(El Grinchón de Vainilla o Clavos en la sopa de menudillos o Ganando amigos o Las mieles del trabajo u Oh Corazoncito de Jesús toma mi melopea o Un domingo cualquiera o Matarás). Puedo escribir los versos más tristes y desolados enhebrados con hojas de laurel en esta noche fría, que cae como plomo en la angustia de los días transcurridos del olvido y devora silente niños y niñas y los sumerge en la escalera de caracol del dolor que pasa con la gloria podrida que enarbola la frente de esta singular especie. ¿Estará Dios al oscurecer, mientras comemos gambones, en la calle junto a los pobres, preparando su venganza? Sí, les alimentará con sus penas, consolándoles que el postre viene tras la muerte y que el aperitivo es sólo para pecadores. Desde luego no es navidad para los animales que vamos a deglutir ávidamente y que, con suerte, acabarán en la boca de un simpático perro pero, asimismo, pollos enteros y pescaditos en la basura para nutrir la podredumbre de la rutina de una generación que ha terminado aburriéndose. En estas fechas tan comerciales, anzuelo para bobos, quiero recalcar, sobre todo cuando las rayas de coca caven carreteras sin fondo en el cerebro de los ignorantes, que las estrellas bostezan y la tierra gimiente se alarma ante tal gasto inútil en los recursos de la benevolente Madre. En los lindes de la agonía mediocre de los hombres, una solitaria voz emergerá de las tinieblas y dirá venid hombres venid, ocupad vuestro sitio. Y uno a uno, poco a poco, lejos de las familias, se adentrarán en un pasadizo laberíntico para hallar al fin el lugar: una apartada tumba rodeados por la Gusandad Hambrienta de Natividades. Trabajad la hipocresía, ella es el pase para el más allá y cuando al fin despierten los ojos de la mayoría a una realidad que desconocían se verá la desnudez en un espejo pulido donde se reflejará al fin lo que somos: una verdad aturdidora de la que mis manos lavadas de incertidumbre se apartarán en lo posible relamiendo mis dedos mugrientos con algún hueso de cerdo. Brindemos por la leyenda. Alabemos al Dios Estomago. Si yo fuera Cristo (no lo soy ni ganas) me caería la cara de vergüenza.

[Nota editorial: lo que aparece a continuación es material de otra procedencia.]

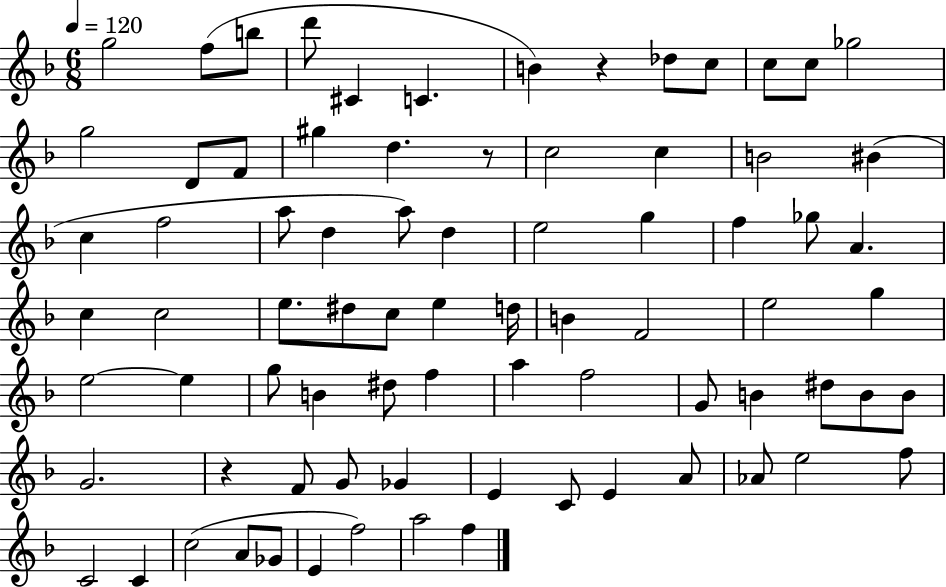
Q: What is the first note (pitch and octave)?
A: G5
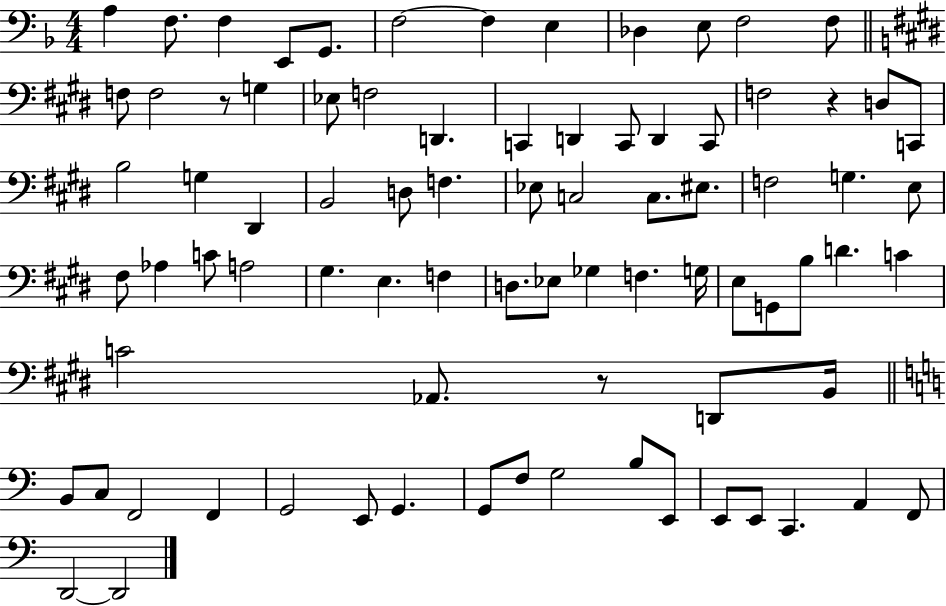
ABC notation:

X:1
T:Untitled
M:4/4
L:1/4
K:F
A, F,/2 F, E,,/2 G,,/2 F,2 F, E, _D, E,/2 F,2 F,/2 F,/2 F,2 z/2 G, _E,/2 F,2 D,, C,, D,, C,,/2 D,, C,,/2 F,2 z D,/2 C,,/2 B,2 G, ^D,, B,,2 D,/2 F, _E,/2 C,2 C,/2 ^E,/2 F,2 G, E,/2 ^F,/2 _A, C/2 A,2 ^G, E, F, D,/2 _E,/2 _G, F, G,/4 E,/2 G,,/2 B,/2 D C C2 _A,,/2 z/2 D,,/2 B,,/4 B,,/2 C,/2 F,,2 F,, G,,2 E,,/2 G,, G,,/2 F,/2 G,2 B,/2 E,,/2 E,,/2 E,,/2 C,, A,, F,,/2 D,,2 D,,2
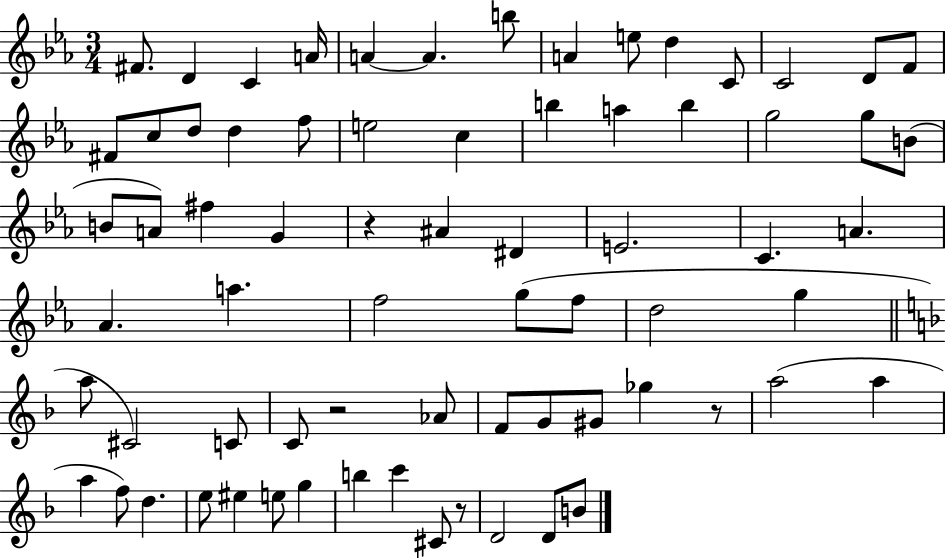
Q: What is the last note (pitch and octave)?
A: B4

(Mártires del nuevo advenimiento o Placentera flagelación o En la placenta de las entropías salvajes o Después de correrse). En los límites del desfase cuando los anatemas portean melopeas sin nomenclatura y los peritos nocturnos tasan los desastres que sublevan la corriente de ideas que patinan en la noche oscura rumbo al desagüe de los enfisemas en la corona de púas inserta en el cerebro y en las secuelas de las espinas que pinchan los motores que discurren sin pausa hacia la cubeta de la desmemoria que olvida los motivos propulsores al enervar las pajas el glande del placer que ya expira acelerado camino de hecatombes a bocajarro en el lindar del extrarradio lunar de los boquetes en proporción alveolar a los cráteres impresos al trono de vencimiento que sucumbe en la potestad de las sustancias que se ingieren para hacer más llevadera la cosa. En la lavandería de imágenes el gatillo rueda cargando el tambor de la lotería en la ruleta rusa de la calamidad que estira como el último hálito de esperanza el entrar royendo con los dientes la excusa para espolvorear las blancas iridiscencias para que trepen al melón y se agarren al núcleo impulsor de los sentidos promulgando pensamientos que se pierden carretera un fatídico destino. La euforia transita rápidamente por los cardiogramas del intelecto buscando expandirse más allá del centro para estallar en bajones que vagabundean en los extremos de los agujeros del alma que se distiende para contraerse después en fatalidades fetales que raspan con las uñas del exaspero los últimos resortes de la castaña que ya muere horrorosamente aferrada para no caer de las costuras de las sábanas. Y el dolor es recíproco las hojas se desploman sordamente en el ruido que raya los monótonos del ensueño antes de quedarse prendado en el enjambre de turbulentos sueños. Es hora de partir hacia ningún lugar: que en los fosos de los tragos de la fe se tensen los momentos en los instantes de hielo para que descongelen las escarchas de la primavera y que llueva picadura en los estratos al frente de las sienes encadenadas a las vertientes peliagudas de las consecuencias de los actos “ilegales” por formalizar las pasiones que ya vienen a pasar factura mientras deslomado y desnudo sobre la cama voy a tomar la última.